▶ [RECORDS TO PROCESS]:
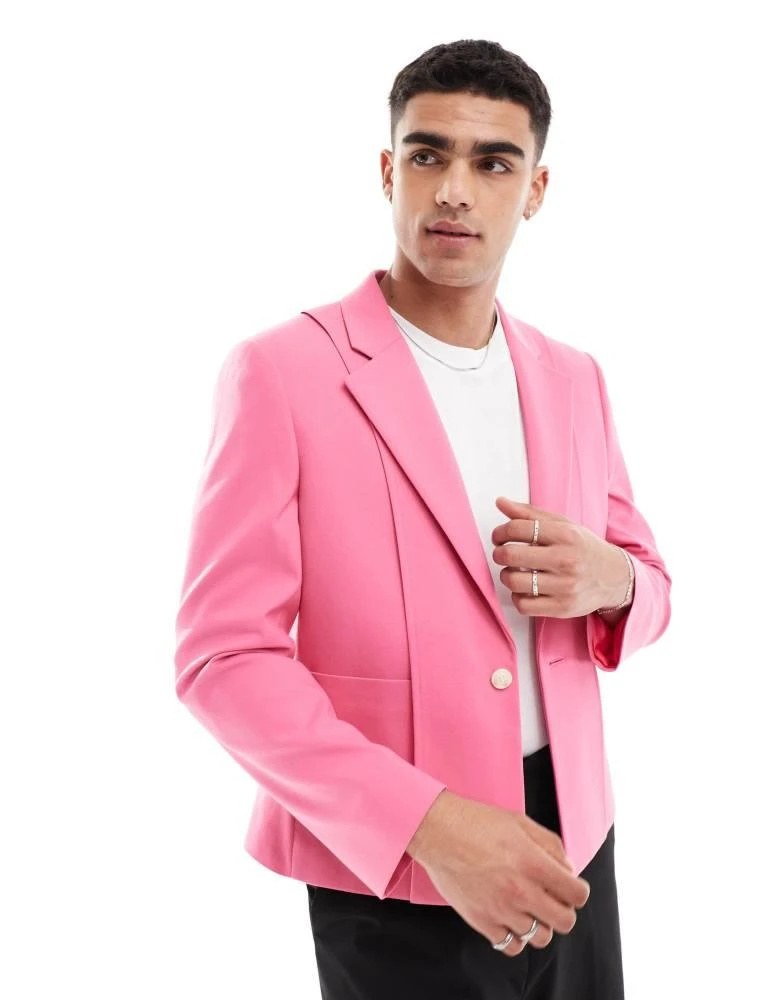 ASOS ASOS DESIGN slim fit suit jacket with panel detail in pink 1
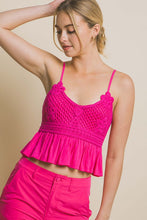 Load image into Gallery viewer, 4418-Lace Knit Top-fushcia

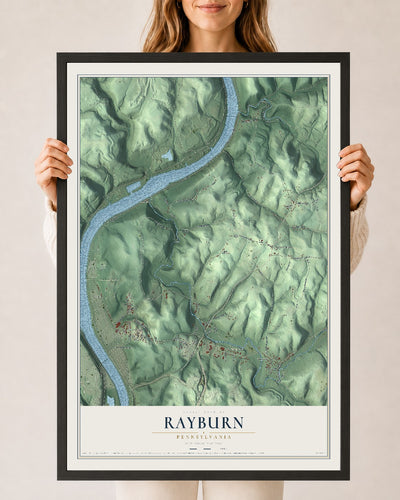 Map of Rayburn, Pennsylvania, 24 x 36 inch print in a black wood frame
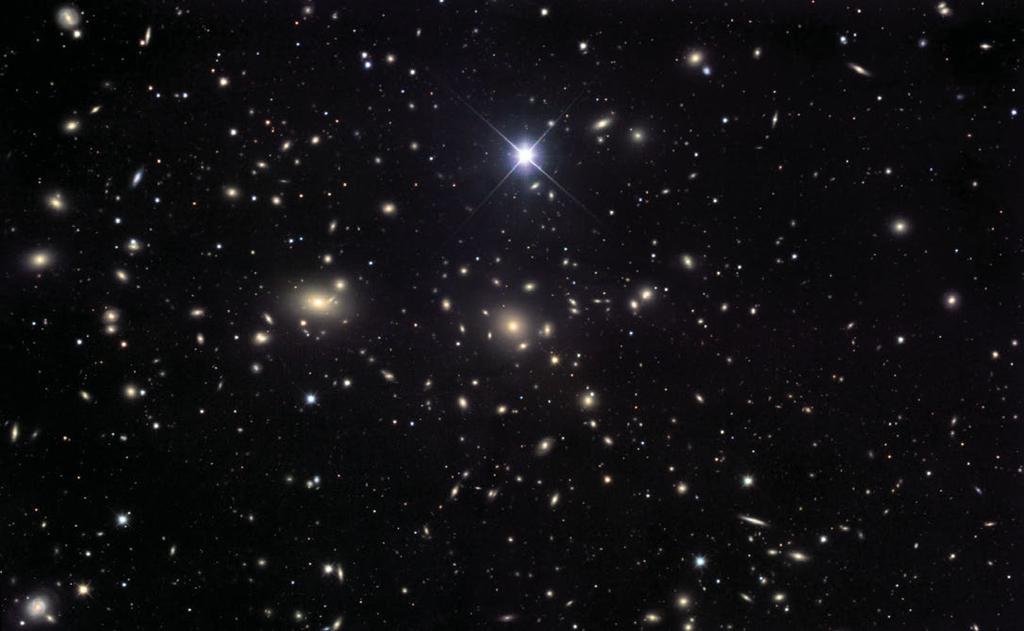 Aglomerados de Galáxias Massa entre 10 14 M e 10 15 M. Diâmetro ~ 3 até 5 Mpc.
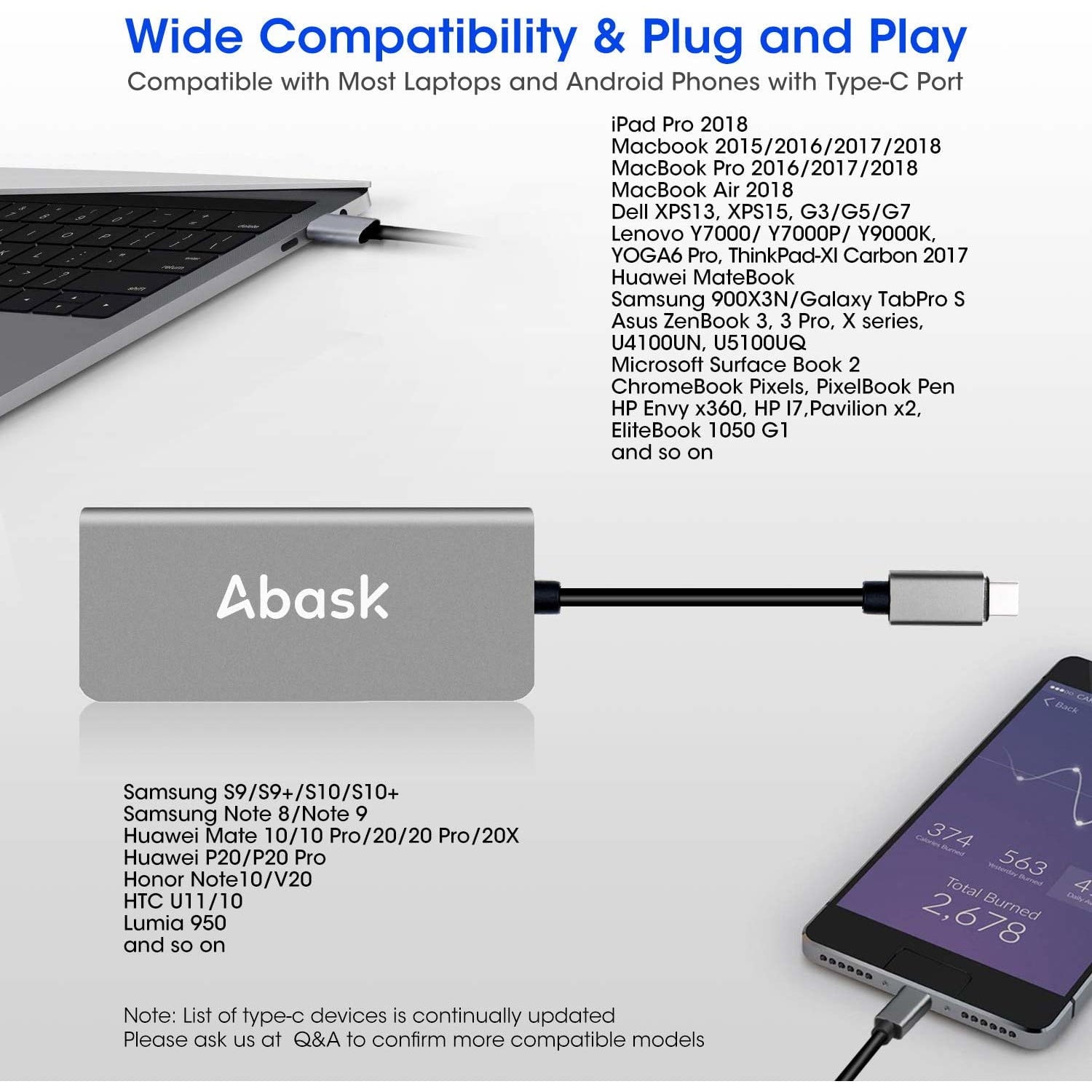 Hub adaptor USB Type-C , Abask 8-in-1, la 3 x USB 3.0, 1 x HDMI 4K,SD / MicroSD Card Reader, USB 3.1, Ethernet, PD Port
---
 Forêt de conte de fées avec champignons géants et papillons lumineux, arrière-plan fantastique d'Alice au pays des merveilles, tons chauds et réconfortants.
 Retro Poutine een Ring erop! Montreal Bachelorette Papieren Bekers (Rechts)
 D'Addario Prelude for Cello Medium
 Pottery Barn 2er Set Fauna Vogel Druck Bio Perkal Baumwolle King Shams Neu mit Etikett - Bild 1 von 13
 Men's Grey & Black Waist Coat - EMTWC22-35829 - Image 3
==
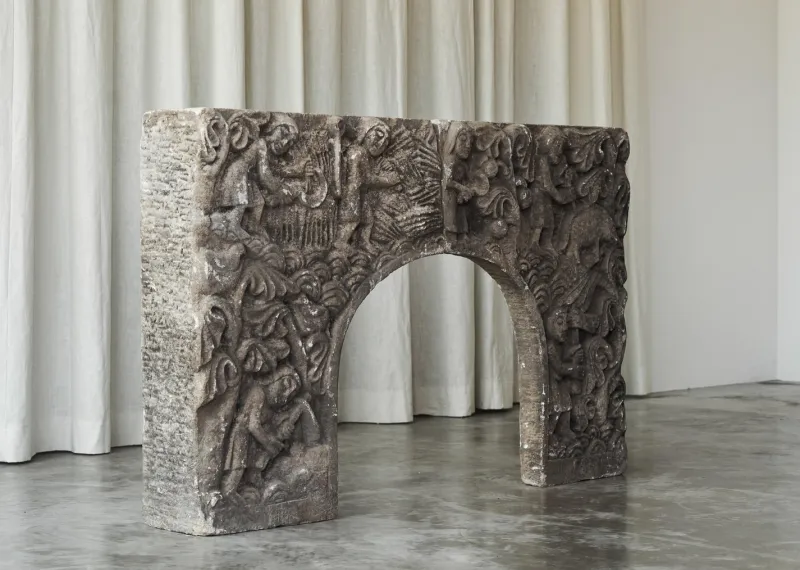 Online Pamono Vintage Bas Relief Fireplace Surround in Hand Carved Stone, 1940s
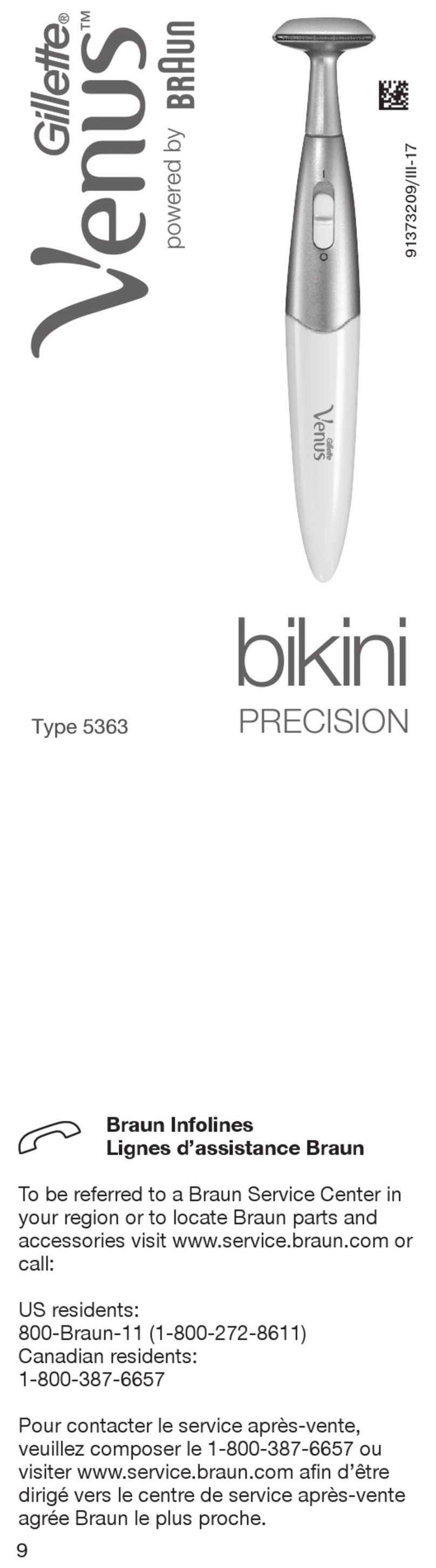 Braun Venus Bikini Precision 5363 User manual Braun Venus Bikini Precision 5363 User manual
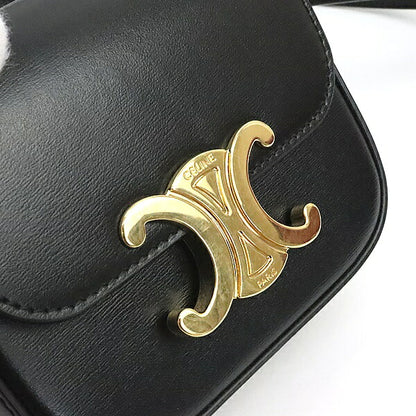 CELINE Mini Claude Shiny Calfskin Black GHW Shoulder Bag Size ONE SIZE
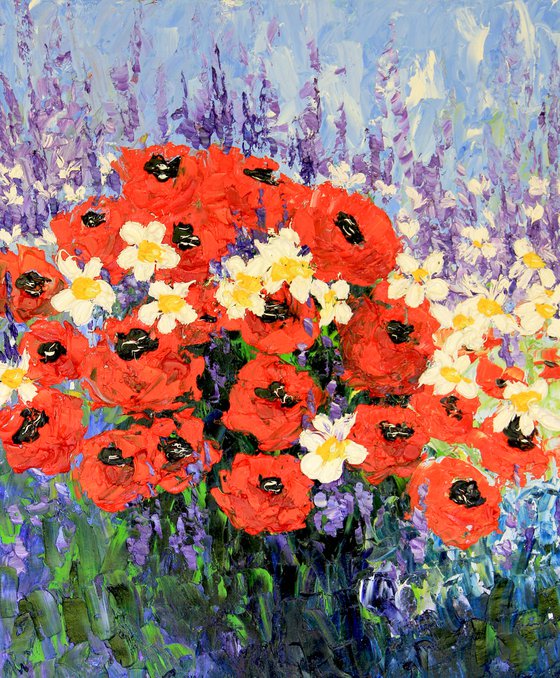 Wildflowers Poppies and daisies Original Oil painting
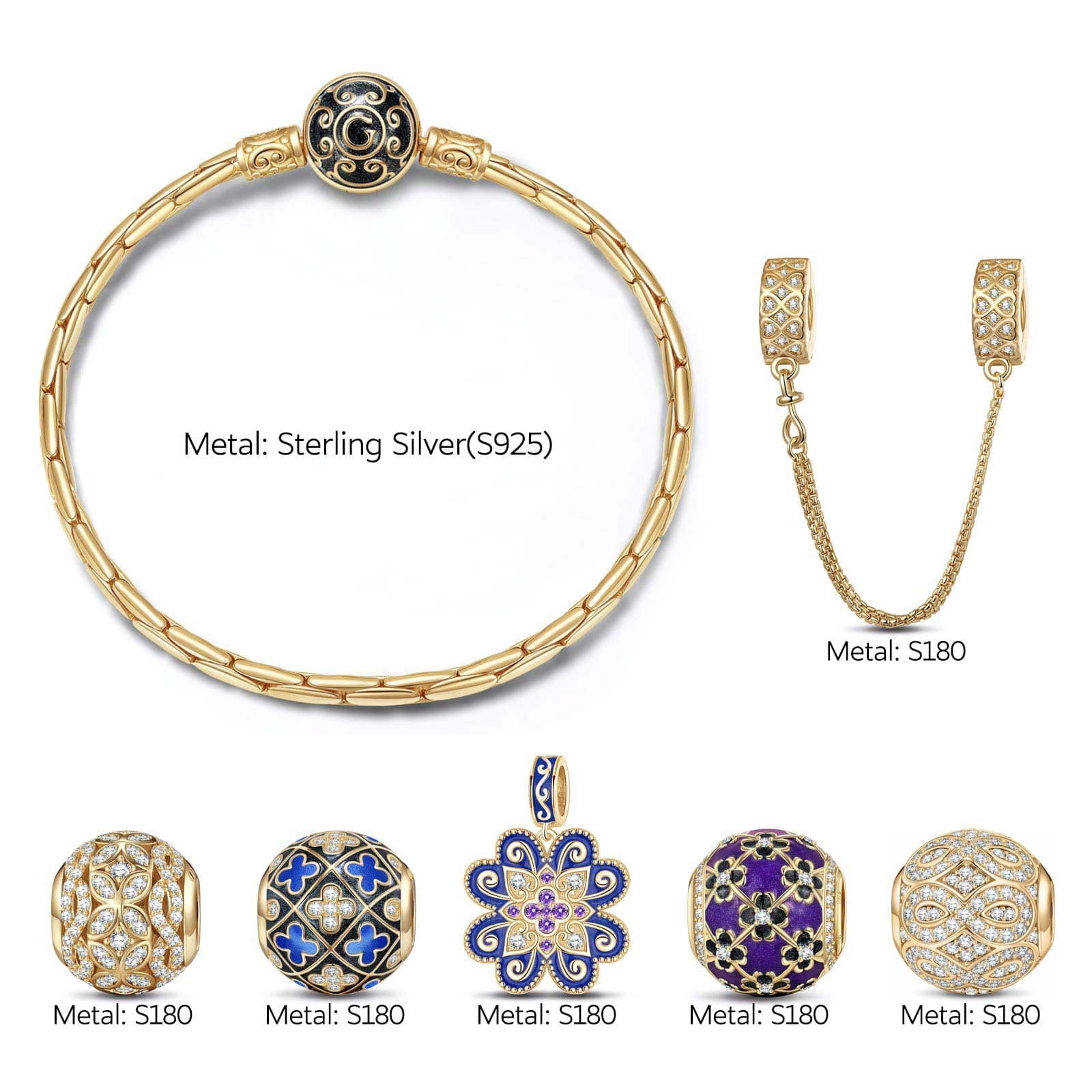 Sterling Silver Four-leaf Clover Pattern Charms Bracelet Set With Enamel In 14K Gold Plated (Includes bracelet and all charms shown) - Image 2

▶ [PROBLEM TO SOLVE]: Nothing but the lines from the one containing "Braun Venus Bikini Precision 5363 User manual Braun" through the one containing "Sterling Silver Four-leaf" should appear, copied exactly from the material above and without pictures.

▶ [EXPECTED ANSWER]:
 Braun Venus Bikini Precision 5363 User manual Braun Venus Bikini Precision 5363 User manual
 CELINE Mini Claude Shiny Calfskin Black GHW Shoulder Bag Size ONE SIZE
 Wildflowers Poppies and daisies Original Oil painting
 Sterling Silver Four-leaf Clover Pattern Charms Bracelet Set With Enamel In 14K Gold Plated (Includes bracelet and all charms shown) - Image 2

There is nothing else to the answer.